‘They call it a community, I like to think of it as home’
To quote a Pet Shop Boys lyric is an odd place to start an album review, but bear with me as I think this pretty much sums up mine (and many others) feelings about the Prog world that we are all a part of, and which we are proud to belong to, finding new bands, meeting new friends and making new spiritual and musical connections along the way.
Fractal Mirror is the ultimate reflection of this, a band, a connection of collaborators all brought together by the love of Prog music through the Big Big Train Facebook group of all things. This creative connection showcases all that is good about the power of social networks, and for every negative media comment about how it’s bad for us, and how it is just a minefield of bullying, there’s not enough positivity about the real friendships and bonds that are created online, and here, in my hands and in my CD player is the proof of the power of social media.
If there was no Facebook this group wouldn’t exist in this format, and that would be a damn shame.
Following up last years highly acclaimed debut album Strange Attractors, Garden of Ghosts is a wonderful album with stunning lyrics, amazing musical moments and is the complete package, with an amazing sleeve, an immersive example of the album as art.
The collaborators that are Fractal Mirror, Leo Koperdraat (keys, guitars, vocals) Ed van Haagen (bass, keys, sound enhancements) and Frank Urbaniak (drums, percussion) are all fantastic musicians, and here working together they all combine to create a mighty musical sound. Of course Fractal Mirror is a collective and the other members are the highly original and talented artist Brian Watson (whose the real go-to guy for album art, having worked on albums by Manning, The Tangent and Mike Kershaw) and whose artwork beautifully illustrates each song in the book, whilst the final member of this immensely talented quintet is Andre de Boer responsible for moving images and triangle.
As an aside talking of this community of folk I first had the pleasure of meeting Leo Koperdraat and Brian Watson (amongst others) at this years Eppyfest where they made me feel most welcome, again prog connects so many people.

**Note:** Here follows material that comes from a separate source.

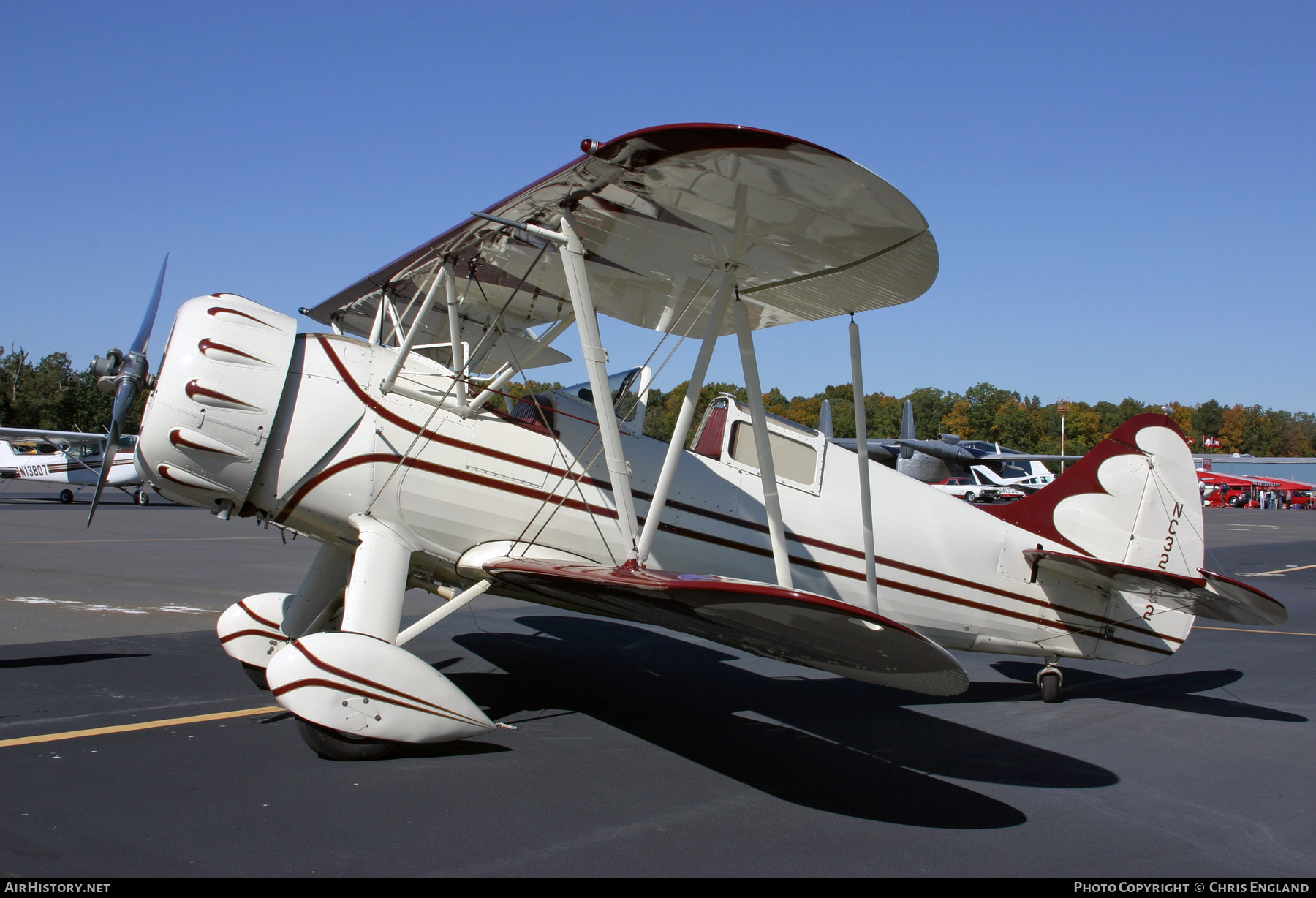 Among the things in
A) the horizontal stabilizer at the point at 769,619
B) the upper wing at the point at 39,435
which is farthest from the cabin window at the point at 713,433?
the upper wing at the point at 39,435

From the album notes Fractal Mirror say this album is loosely connected around the themes of connections and relationships in the 21st century, all pervasive technology and how memory and perspective changes.
Three wholly relevant and widely debated topics that ask all sorts of questions, which would take someone far smarter than me to answer.

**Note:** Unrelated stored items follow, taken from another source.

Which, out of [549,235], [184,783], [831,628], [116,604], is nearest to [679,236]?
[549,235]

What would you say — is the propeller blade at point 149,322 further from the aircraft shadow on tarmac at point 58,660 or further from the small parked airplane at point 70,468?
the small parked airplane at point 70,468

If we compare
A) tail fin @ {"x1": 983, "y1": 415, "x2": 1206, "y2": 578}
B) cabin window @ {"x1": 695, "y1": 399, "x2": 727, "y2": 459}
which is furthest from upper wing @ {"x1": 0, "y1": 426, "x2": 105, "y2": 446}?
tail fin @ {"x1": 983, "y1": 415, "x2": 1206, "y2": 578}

These 11 tracks on this superbly produced album (by Brett Kull from Echolyn who adds vocals and guitars to some tracks) are a wonderful variety of styles and moods, and like all the best albums should be listened to in one sitting.

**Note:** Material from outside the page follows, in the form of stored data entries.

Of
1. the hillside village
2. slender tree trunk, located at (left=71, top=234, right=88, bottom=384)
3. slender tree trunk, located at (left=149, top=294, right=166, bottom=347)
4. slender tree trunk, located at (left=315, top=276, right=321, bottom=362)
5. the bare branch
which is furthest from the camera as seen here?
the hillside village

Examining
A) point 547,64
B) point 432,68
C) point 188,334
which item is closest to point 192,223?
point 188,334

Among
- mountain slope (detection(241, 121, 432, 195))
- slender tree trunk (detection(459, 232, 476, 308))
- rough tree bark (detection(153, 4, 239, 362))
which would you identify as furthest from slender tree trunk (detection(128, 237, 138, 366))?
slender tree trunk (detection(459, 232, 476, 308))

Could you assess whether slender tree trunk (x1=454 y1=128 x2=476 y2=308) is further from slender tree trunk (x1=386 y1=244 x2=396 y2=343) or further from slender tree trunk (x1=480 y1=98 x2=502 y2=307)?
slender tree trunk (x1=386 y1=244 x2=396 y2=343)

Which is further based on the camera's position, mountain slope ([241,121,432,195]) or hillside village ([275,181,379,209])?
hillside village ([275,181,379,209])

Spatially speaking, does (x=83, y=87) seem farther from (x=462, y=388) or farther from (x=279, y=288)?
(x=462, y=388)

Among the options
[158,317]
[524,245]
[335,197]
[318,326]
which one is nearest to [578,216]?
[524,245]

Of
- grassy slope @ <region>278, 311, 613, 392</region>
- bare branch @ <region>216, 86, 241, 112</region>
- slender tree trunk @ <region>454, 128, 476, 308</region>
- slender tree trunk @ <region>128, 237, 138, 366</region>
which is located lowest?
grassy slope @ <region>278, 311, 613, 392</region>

This isn’t a dip in dip out kind of record, and it rewards the listener who takes the time to focus and appreciate the subtle nuances throughout.
There are plenty of musical guests joining the Fractal Mirror family on this record like Larry Fast on keyboards and mellotron, Don Fast lending his sitar to Orbital View, Charlotte Koperdraat on vocals and Jacques Varsalona on vocals.
These talented musicians add to an already impressive musical sound and all bring something to the party that enhances the texture throughout this album.
This album flows wonderfully from the opening House of Wishes, with some great vocals from Leo, and the Fractal Mirror sound exploding out from here.
The Phoenix, with its lyrics from Graham Smith, and additional vocals from Brett is a
The centrepiece of the album is the Powerless Suite, made of the four tracks Lost in Clouds, Solar Flare, The Hive and Solar Flare Reprise, a wonderfully written and performed quartet of tracks about the impact of technology on our lives, as well as our over reliance on technology and I am sure we have all felt lost in the cloud at some point, and in the ultimate of ironies my wi-fi dropped whilst I was trying to upload this review!
Lost in Clouds has some great harmony vocals and has some great musical parts, with some wonderful guitar solos and keyboard parts reminiscent of the Canterbury sound.
Solar Flare with some sublimely dramatic guitar and keyboard interaction, as well as some intense old school prog keyboard sounds is a warning to us all as to what could happen when the solar flares cut off all our power.
Whilst the Hives lyrics focus on the darker side of social media and the way that computers and technology are tracking our every move and our every like and dislike.
Words of warning wrapped up in a lighter, rockier tune, with some more of those wonderful vocal harmonies.
Whilst the instrumental Solar Flare reprise is an intense and amazing interlude, with the music as deep and absorbing and powerful as anything Floyd used on Dark Side or Wish You Were Here, the keyboards particularly invoking the spirit of Shine on You Crazy Diamond (pts VI to IX)
The Garden again changes pace, with its intimate vocal delivery and haunting keyboard sounds is almost the title track, and is as emotive a song in a similar vein to Old and Wise by the Alan Parsons Project, and is beautifully emotive.
Orbital View, with lyrics by Brian Watson, is an amazing track, the musical performances are amazing, with some truly wonderful musical interludes and harmony vocals to die for. However the true star in this track are the lyrics, Brian speaks here so eloquently and beautifully, that it’s hard not to agree with everything he’s saying and the point they are making musically is wonderful.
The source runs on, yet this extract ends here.